Dr Zogby presented the results of this study at a New York University Abu Dhabi event on Wednesday evening, drawing well over a hundred attendees to the public discussion.
“You all being here make me think we caught an interesting topic,” said Dr Zogby, who spent more than half of the session taking questions from the audience. “We have often polled American attitudes towards the Arab world and we have often polled Arab attitudes towards Americans. This was an effort to reach into the broader non-Arab Muslim world and say ‘what do you think about Arabs?’”
The survey was conducted last June, covering a total of 5,000 individuals in Senegal, Iran, Pakistan, Malaysia and Turkey — countries where researchers felt they could “get a handle on the populace” and procure a representative sample, explained Dr Zogby. Interviewees were asked about their views on Arab people, nations, culture and civilization, including questions with restricted answer choices as well as those requiring independent thought.
“Polling for me opens a window; it lets voices in that don’t get heard,” said Dr Zogby. “I call it the respectful science: you talk to people, you listen to what every one of them has to say, you record and then you organise the data and present it back to people. It’s always good to know what people think.” The trick to unlocking people’s thoughts, argues Dr Zogby, lies in asking the right questions.
One of the survey’s first queries, for example, was “What are your attitudes towards Arabs?” With a possible response of either “favourable” or “unfavourable”, a strong majority in each of the five countries professed to have positive views. However, when asked the open-ended question of “What is the first thought that comes to mind when you think of Arabs?”, around a quarter of respondents in three countries (Pakistan, Malaysia and Turkey) responded with negative thoughts, such as Arabs being backwards, passive, subservient to the West etc. In Iran, more than half of the interviewees gave negative responses.
“The initial ‘favourable’ was actually pretty soft and masking a whole lot of other negatives that were there,” said Dr Zogby. “It was important to parse it out and get behind the initial positive response.”
Data uncovered through the study is open to interpretation, but certain trends can be clearly traced through the numbers. The survey demonstrates that those who have travelled to Arab countries — in other words, those who have had direct experience with Arabs — tend to have more positive attitudes towards the Arab world. Dr Zogby noted that although two-thirds of Iranians surveyed held unfavourable views of the UAE, almost two-thirds of those who had actually travelled to the UAE (constituting 9 per cent of all interviewees) held favourable views.
“It’s a good thing: if they know you, they like you,” he said. “I would encourage travel and trade because it improves relations and breaks down stereotypes. In an increasingly interdependent world, understanding matters because it’s good for business, for politics, for simply the stability you need to advance.”

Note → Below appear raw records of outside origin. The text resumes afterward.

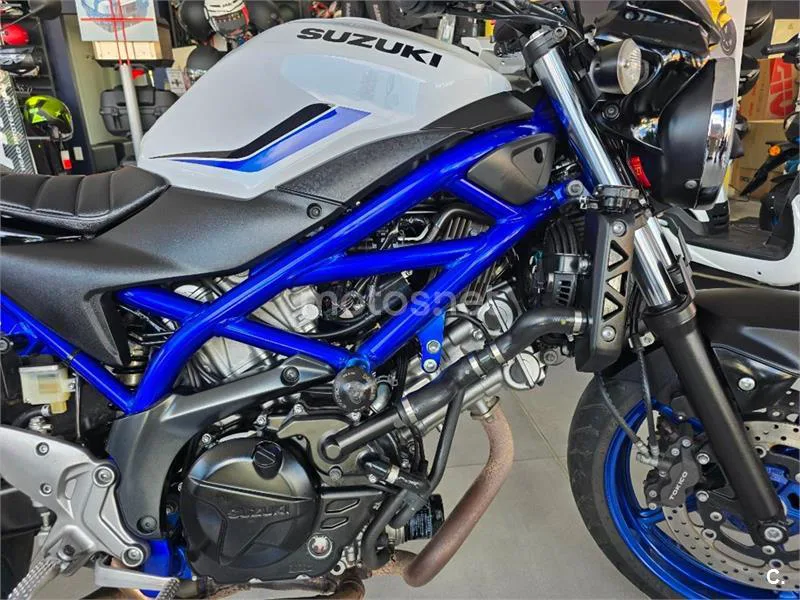 Suzuki SV 650 – Vista 4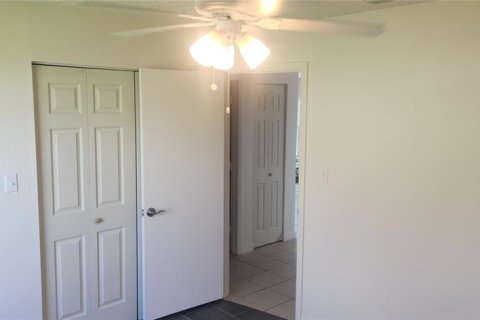 House in Port Charlotte, Florida 2 bedrooms, 106.09 sq.m. № 1385335 - photo 18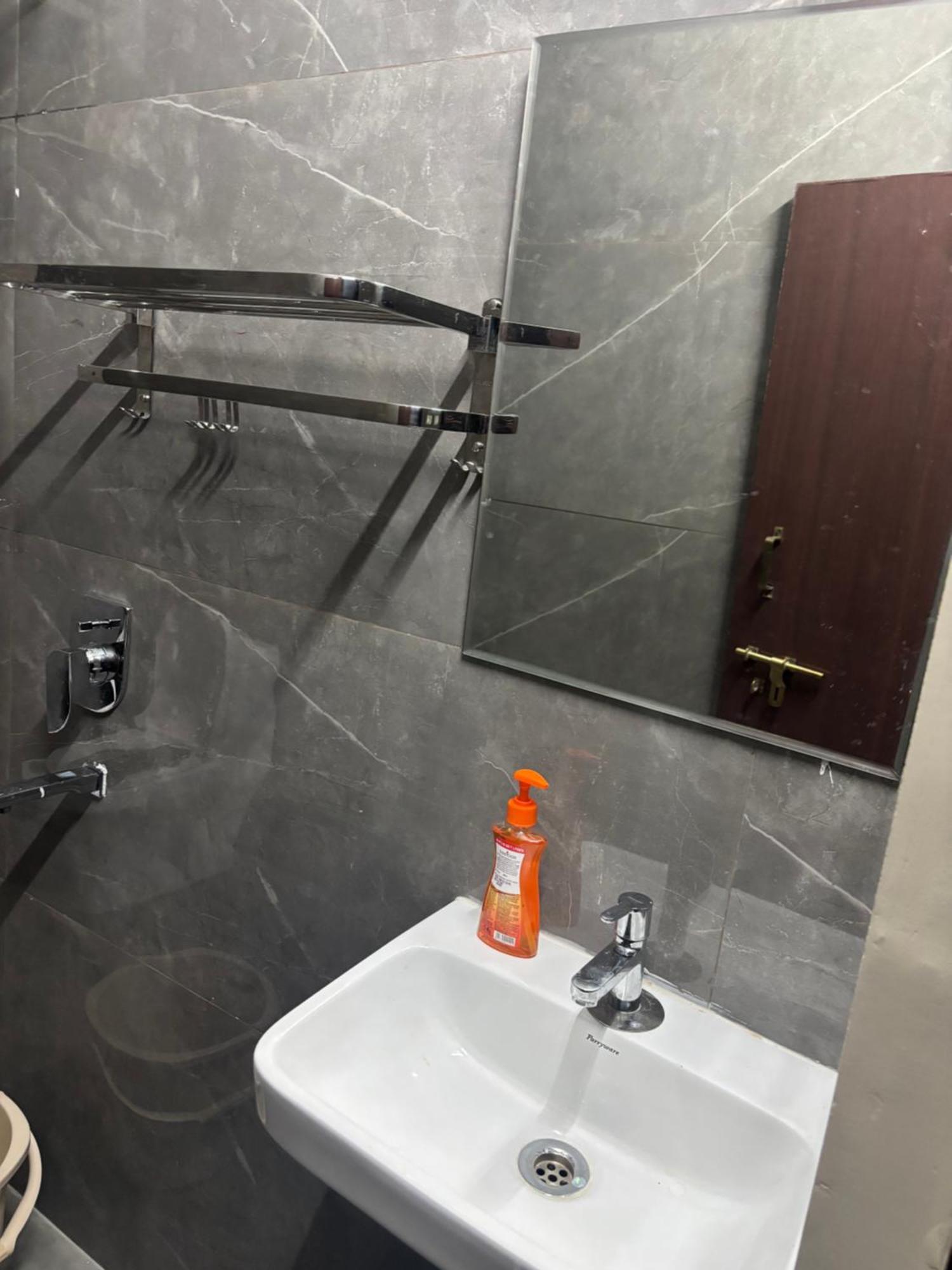 Nest Inn Homestay Tirupati Dış mekan fotoğraf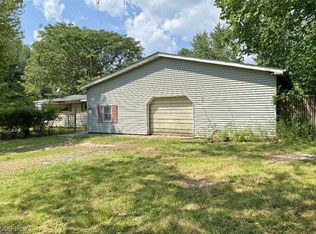 11105 Springfield Rd, North Lima, OH 44452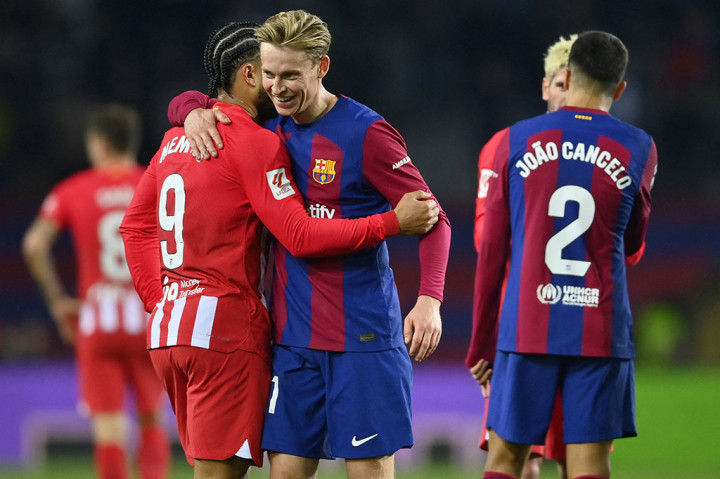 Atleti terus berusaha mencari gol balasan sepanjang sisa waktu yang ada. Tapi buruknya penyelesaian akhir dan pertahanan disiplin Barca membuat skor 1-0 bertahan hingga wasit meniup peluit panjang.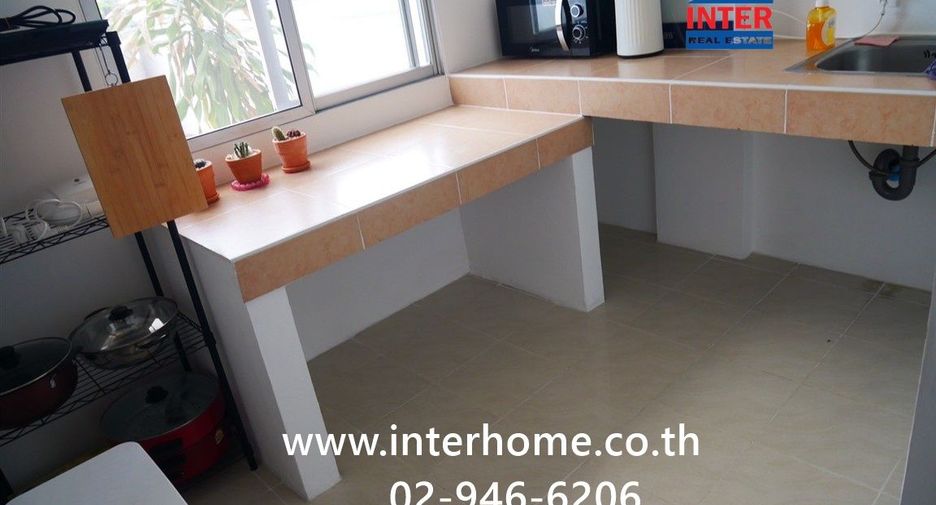 For sale 3 ベッドルーム townhouse in Prawet, Bangkok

When examining rates of travel to the Arab world, Dr Zogby was surprised to find that only 5 per cent of Turkish participants had visited an Arab country — a seeming aberration that caused him to re-poll the country in order to validate the results. Considering Turkey’s proximity to Arab countries and its recent prominence in regional politics, Dr Zogby saw cause for concern.

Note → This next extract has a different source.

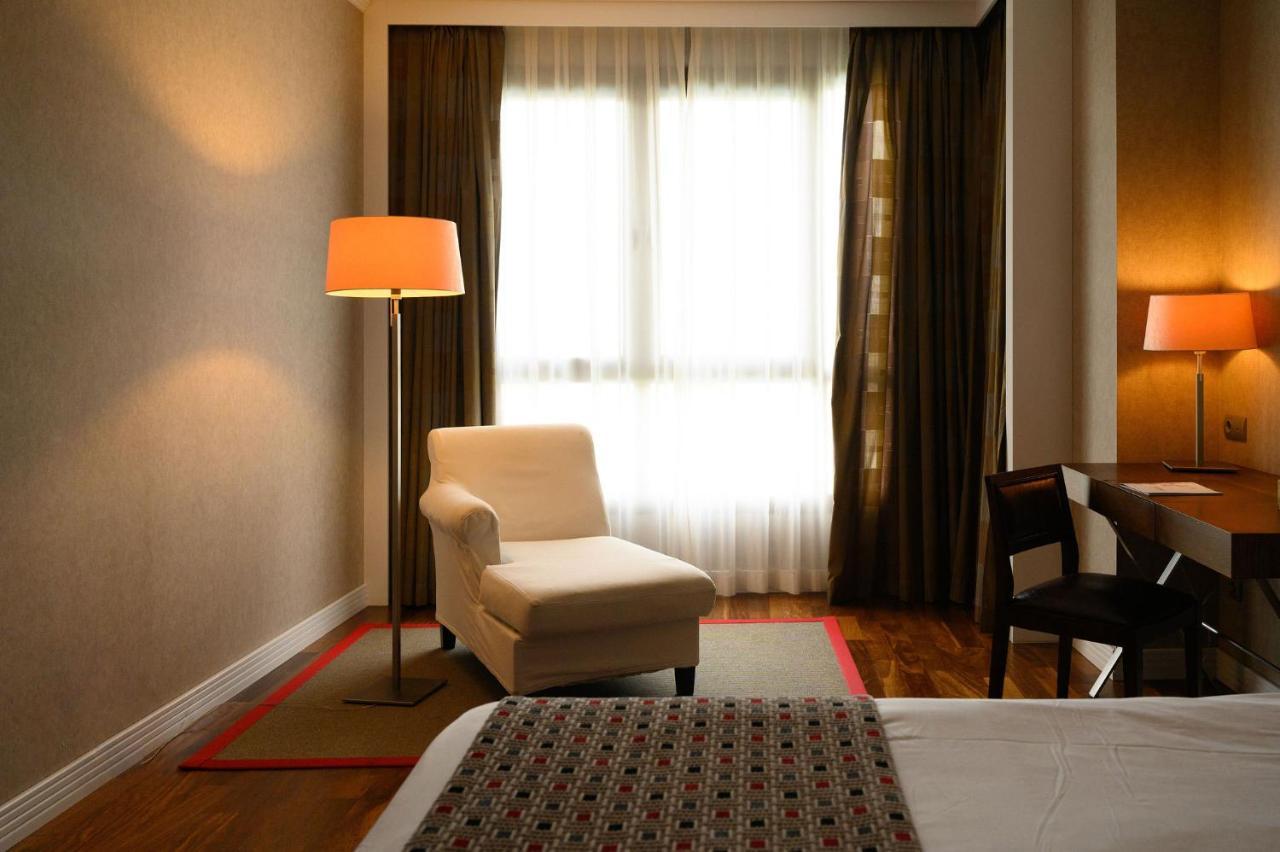 Double Room with New Year's Package,1382199068:JPEG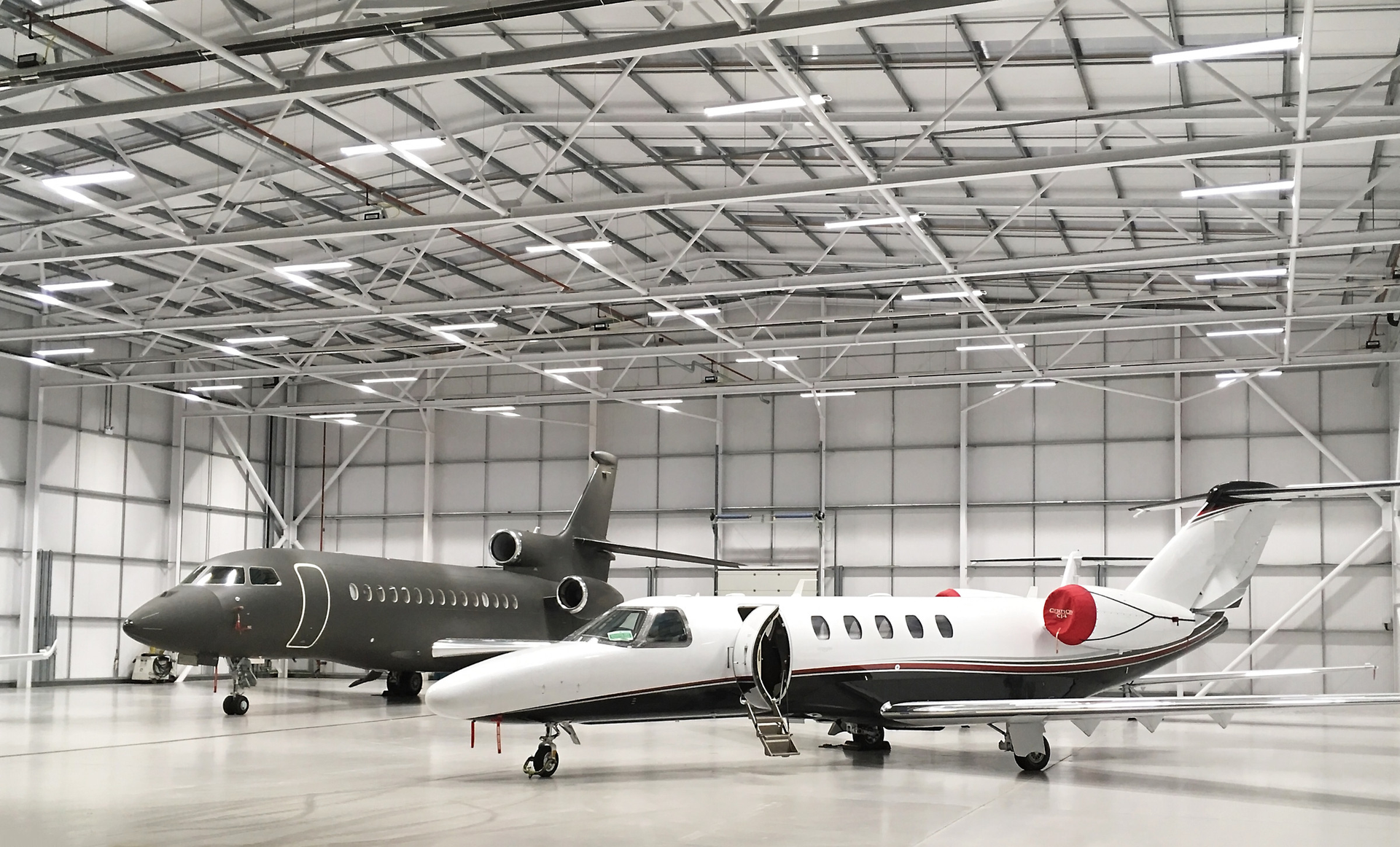 Jet Maintenance International Hangar 5ca22ca050a8b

“It ultimately could spell trouble for Turkey, if its leadership role is thin and not supported either by (outside) people understanding Turkey or Turkey understanding them,” he speculated. “Shared exchanges have to exist for healthy relationships to develop.”

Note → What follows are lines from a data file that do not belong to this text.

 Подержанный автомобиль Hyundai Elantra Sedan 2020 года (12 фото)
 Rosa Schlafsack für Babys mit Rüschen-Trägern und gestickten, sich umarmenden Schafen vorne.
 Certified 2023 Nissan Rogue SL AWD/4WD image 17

The study revealed a general perception that Turkey was providing leadership in the region, but also the belief that Egypt should be undertaking the role. In fact, Egypt was the only country named by Senegal, Iran, Pakistan, Malaysia and Turkey as an Arab country it would like to have closer ties with.
Dr Zogby also addressed the impact of the Arab Spring on non-Arab Muslims attitudes. When asked about the first thing that comes to mind in association with Arabs, roughly a quarter of respondents in three countries (Pakistan, Malaysia and Turkey) mentioned the recent revolts in the Middle East, most notably in Egypt.
At the opening of the talk, Dr Zogby paid homage to the US Ambassador who was killed in Libya on Tuesday.
“Ambassador Chris Stevens was a decent and brilliant public servant,” he said. “I don’t want to dwell on it other than to make myself clear as an American and someone who cares about the Arab world, this was wrong and should not have happened.”